A ce jour, il y a eu 95 pour cent de confirmation de plusieurs groupes invités, notamment des Libériens unis pour la réconciliation et la démocratie (LURD), a précisé le chef de l’équipe technique du groupe de travail,Dusty Wolokolie. Il a toutefois ajouté, « nous n’avons pas encore reçu de confirmation du parti au pouvoir ».
Le Forum de Ouagadougou, qui se tiendra sous les auspices du gouvernement du Burkina Faaso, fera le suivi d’une réunion qui a eu lieu en mars à Abuja, au Nigéria, avec la participation de plusieurs groupes politiques, notamment du parti au pouvoir, a-t-il informé. Il l’a décrite comme un effort pour « sauver le Liberia de la chute libre actuelle» et pour améliorer et rétablir la sécurité dans la nation ouest-africaine, oú les combats entre les dissidents du LURD et les forces fidèles au président Charles Taylor ont fait un nombre indéterminé de morts et ont déplacé des dizaines de milliers de personnes.
Les crise humanitaire, la sécurité, la réconciliation et les élections au Liberia auront une place de choix dans l’ordre du jour de la réunion, a annoncé M.Wolokolie, et d’ajouter: "Nous avons invité des représentants de la Communauté économique des Etats d’Afrique de l’Ouest (CEDEAO)et de l’Organisation de l’Unité Africaine en qualité d’observateurs ».

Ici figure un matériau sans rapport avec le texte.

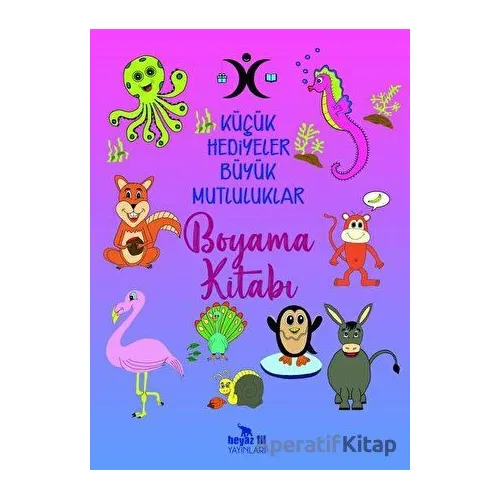 Küçük Hediyeler Büyük Mutluluklar Boyama Kitabı - Türkan Ağıralioğlu - Beyaz Fil Yayınları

Une source près du bureau de la dirigeante de l’opposition libérienne, Ellen Sirleaf-Johnson, à Abidjan, en Côte d’Ivoire, a déclaré à IRIN ce jeudi: « Nous avons confirmé notre engagement à nous rendre » à la réunion de Ouagadougou. Elle a néanmoins indiqué qu’ils n’ont reçu aucune invitation du Gouvernement, qui serait également entrain de planifier une conférence de réconciliation nationale dans la capitale libérienne, Monrovia.
L’agence d’information panafricaine (PANA) a rapporté que le ministre de l’Agriculture du Liberia, Roland Massaquoi, aurait déclaré à des journalistes lundi à Monrovia que le Gouvernement avait souscrit au principe de lever l’état d’urgence imposé en février 2002 afin de permettre aux politiciens libériens exilés de participer à la conférence de réconciliation nationale qui se tiendra sous les auspices du Gouvernement à une date non précisée en juillet.
La PANA a cité M. Massaquoi – qui serait le président de la conférence proposée – selon lequel un certain nombre de Libériens exilés, y compris des opposants politiques, ont déjà été contactés pour la réunion qui, a-t-il déclaré, vise à demander aux Libériens leur avis sur la voie à suivre. Elle n’entend pas discuter des élections de 2003 avec les chefs de file de 17 partis politiques au Liberia, a-t-il souligné, mais leur donner l’occasion de débattre et de résoudre les problèmes nationaux.
Pourtant, une source diplomatique à Monrovia a commenté à IRIN que la détention récente de quatre personnes accusées d’activités subversives [voir le dossier séparé d’IRIN intitulé "LIBERIA: Journalist, three others arrested"] pourrait faire que l’opposition soit moins que disposée à prendre part à la conférence prévue.
"Elle peut clairement laisser entendre aux politiciens exilés qu’il n’est pas sûr de retourner à Monrovia », a conclu la source.